Now let’s try to create one more Clustered Index. We already know the answer that SQL Server will not allow to create another Clustered Index on EMP table.

CREATE CLUSTERED INDEX EMPIDINDEX1 ON EMP (EMPID ASC)

Here you go – got error message

Msg 1902, Level 16, State 3, Line 1
Cannot create more than one clustered index on table 'EMP'. Drop the existing clustered index 'EMPIDINDEX' before creating another.

Let’s try to insert new records

INSERT INTO EMP VALUES (8)
INSERT INTO EMP VALUES(6)
GO
SELECT * FROM EMP

As you can see from the above result output, records are coming in ASC order even after we inserted 8 before 6.

As I have already discussed if our table already has Clustered Index and Primary key constraint was not defined at the time of table creation, if we create Primary Key constraints using Alter command on EMP table then it will never create a Clustered Index, It will create a Unique Non Clustered Index.

Let’s create Primary Key constraint on EMPID column.

ALTER TABLE EMP ADD CONSTRAINT PRIMARYKEY PRIMARY KEY (EMPID)


As you can see PRIMARYKEY INDEX is a Unique Non Clustered Index.

You can find all Indexes list in SQL Server from SYS.INDEXES table.

SELECT * FROM SYS.INDEXES

Dropping index will not affect the sorted stored records. Let’s Drop the INDEX. I will discuss how to DROP Index in this article, if DROP command looks strange here then don’t worry.
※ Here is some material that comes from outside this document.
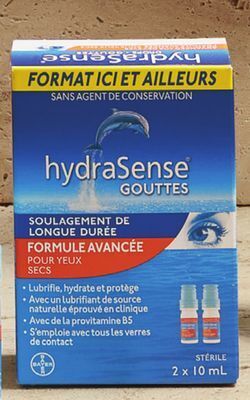 Walmart Hydrasense eye advanced 0r ultra eye drops 2-pack offer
DROP INDEX EMPIDINDEX ON EMP
ALTER TABLE EMP DROP CONSTRAINT PRIMARYKEY
GO
SELECT * FROM EMP

As you can see Result set is same after dropping the Index. Now let’s insert new records in EMP table.
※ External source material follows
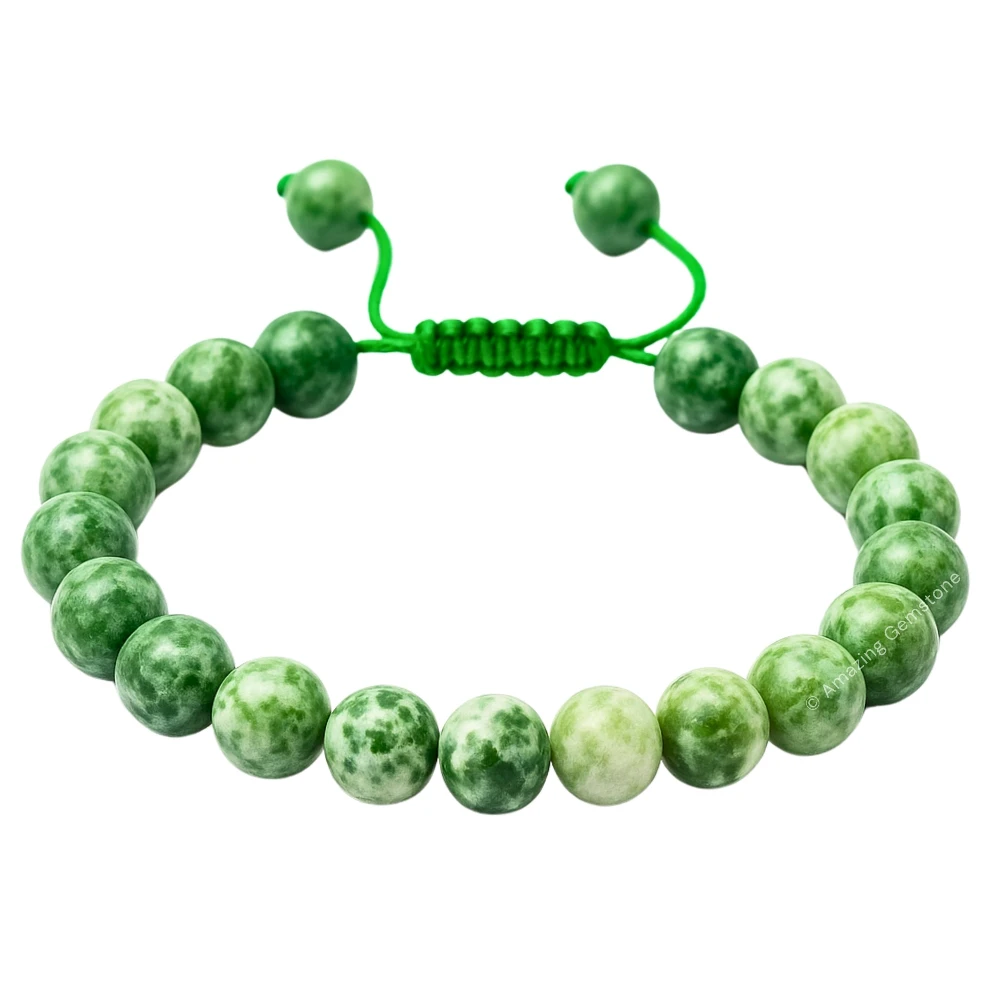 Tree Agate Bracelet (Adjustable)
INSERT INTO EMP VALUES (7)
GO
SELECT * FROM EMP

As you can see from the result set new records were inserted at the end not its key value position.

NonClustered Index
1.  We can have many Nonclustered (max 999) index on a Table.
2.  Uniqueness is the property of Clustered Index and Non Clustered Index.
3.  By default a Nonclustered Index is created if Clustered or Unique options are not specified in the Create Index command.
4.  A Nonclustered index never store data in sorted order if your table has more than 1 column, ASC and DESC keywords will be ignored if used at the time of Nonclustered index creation. If your table has only column then only it will store data in sorted order.
5.  A Nonclustered Index is stored separately from the table, so additional space is required. The amount of space required will depend on the size of table and the number and types of columns used in index.
6.  A Nonclustered Index contains the nonclustered Index key values and each key value entry has a pointer to the data row that contains the key value.
7.  The pointer from an index row in a nonclustered index to a data row is called a row locator.
8.  The Structure of the row locator depends on whether the data pages are stored in a heap or a clustered table. For a heap, a Row locator is a pointer to the row. For a clustered Index, the row locator is the clustered index key.
9. Whenever you create constraint, nonclustered index will be created.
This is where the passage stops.